After cutting inventories to the bone during the recession, companies have begun restocking warehouses and store shelves as they see early signs demand is picking up again. New orders for goods also picked up in March. That could bode well for future expansion of production.
"Clearly all the trends are in the right direction," said Robert Barbera Chief Economist at ITG, Investment Technology Group. "I think with the benefit of hindsight a year from now, we'll find out that the jobs numbers were better (than we thought). Retailers are saying the spending numbers are strong. This is a real, sustainable expansion."
The upturn in hiring follows back-to-back quarters of sizzling growth in U.S. Gross Domestic Product, after a multi-trillion-dollar economic stimulus from both the Congress and the Federal Reserve helped jump start an economy on life support. As that stimulus fades later this year, the hope is that the rest of the wheels of the economy begin turning on their own.
But some economists caution that serious headwinds could slow that process.
One is the huge number of people without a paycheck, many of whom have been out of work for so long they are exhausting their unemployment benefits. That's weighing on consumer spending, which still accounts for roughly two-thirds of U.S. economic activity.
Congress has extended benefits three times and will likely have to do so again. The added benefits are also putting a big strain on states — whose budgets are already hurting — because state unemployment insurance funds have been severely drained by this recession.
Tight credit is also dampening growth for many small businesses, a critically important sector that creates the bulk of new jobs. Small- and mid-size banks that typically lend to small businesses are still working through a big pile of bad loans. That's made bankers a lots choosier about who they'll lend too.

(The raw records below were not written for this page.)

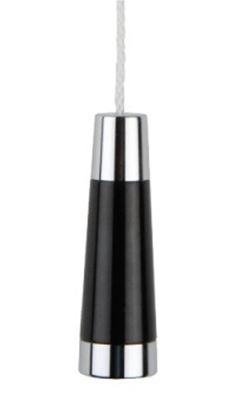 MILLER CLASSIC CHROME & BLACK BATHROOM CONICAL LIGHT PULL, 6997C (P2G)
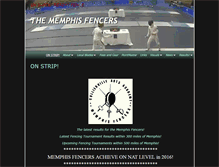 Tablet Screenshot of memphisfencers.org
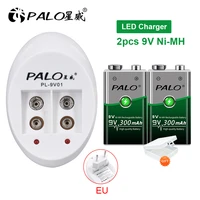 palo 9v battery charger for 6f22 9v nimh li ion rechargeable batteriesni mh 9v bateria rechargeable batteries 9v wholesale
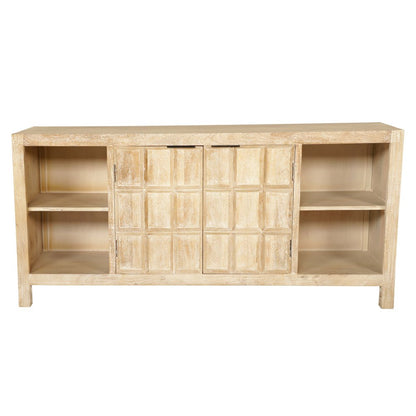 Parker House - Laguna Rectangular Storage Cocktail Table with 2 End Tables and Console - Bleached Natural - LAG-KIT-4B-OC view 7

Labor sector recovery uneven
The improvement in the job market, like the underlying economic recovery, is playing out unevenly. Unemployment remains highest in those parts of the country hit hardest by the housing bust, along with Midwest states that rely heavily on manufacturing.

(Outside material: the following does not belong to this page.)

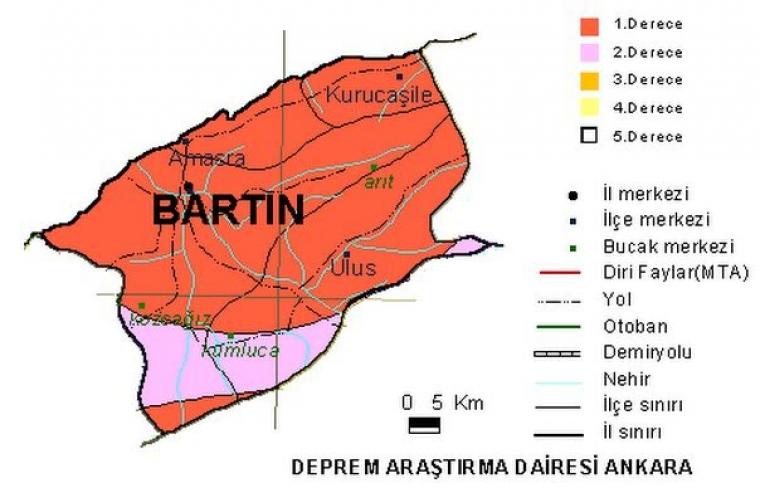 İllere göre deprem ve fay haritası! Oturduğum şehir sağlam mı? 64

The jobless rate for adult men was 10 percent in March, two points higher than for women. The rate for African-American workers was nearly twice as high as that for whites; older workers are generally faring better than younger workers.
The March data echoed reports from recruiters and staffing companies that they began to see job demand perk up at the beginning of the year. Job growth typically lags in an economic recovery as businesses slowly gain confidence that the upturn will sustain itself.

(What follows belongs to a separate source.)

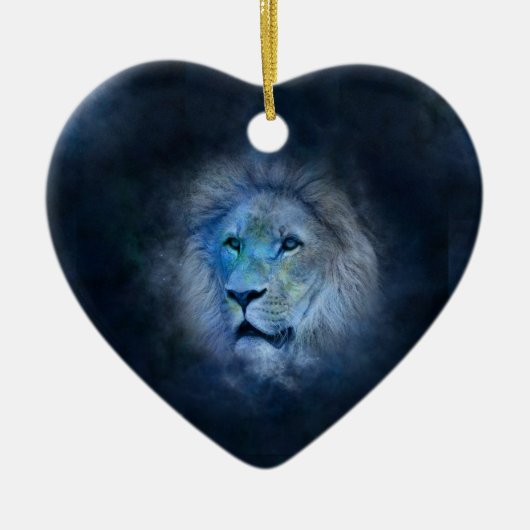 leeuw keramisch ornament (Voorkant)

Until that confidence returns, many employers have been meeting increased demand for their products and services by adding overtime - or just asking existing employees to work harder. That's a big reason productivity numbers shot been through the roof for the last two quarters. But eventually, worn out workers need help in the form of new co-workers.
"Productivity increases have been really dramatic," said Matt Ferguson, CEO of the online job site Career Builder. "And those probably can't continue at those levels for long term. As you get into the fall, there will be a realization that companies have to add back to hit whatever revenue projections are making as they go into 2011."
But even as the pace of hiring picks up, it may take years to see a return to employment levels before the worst recession since the 1930s. Even if 200,000 to 300,000 new jobs are created every month, it will be years before the heavy job losses of the past three years are reversed.
In the meantime, the economy will continue to struggle as homeowners recover from high debt levels and big losses in the value of their homes.
"The labor market continues to improve but the improvement is moderate and unfortunately too slow to cure the consumer credit (and) housing foreclosure issues very quickly," said John Silvia, the chief economist at Wells Fargo. "Curing a hangover takes more time than it took to get drunk."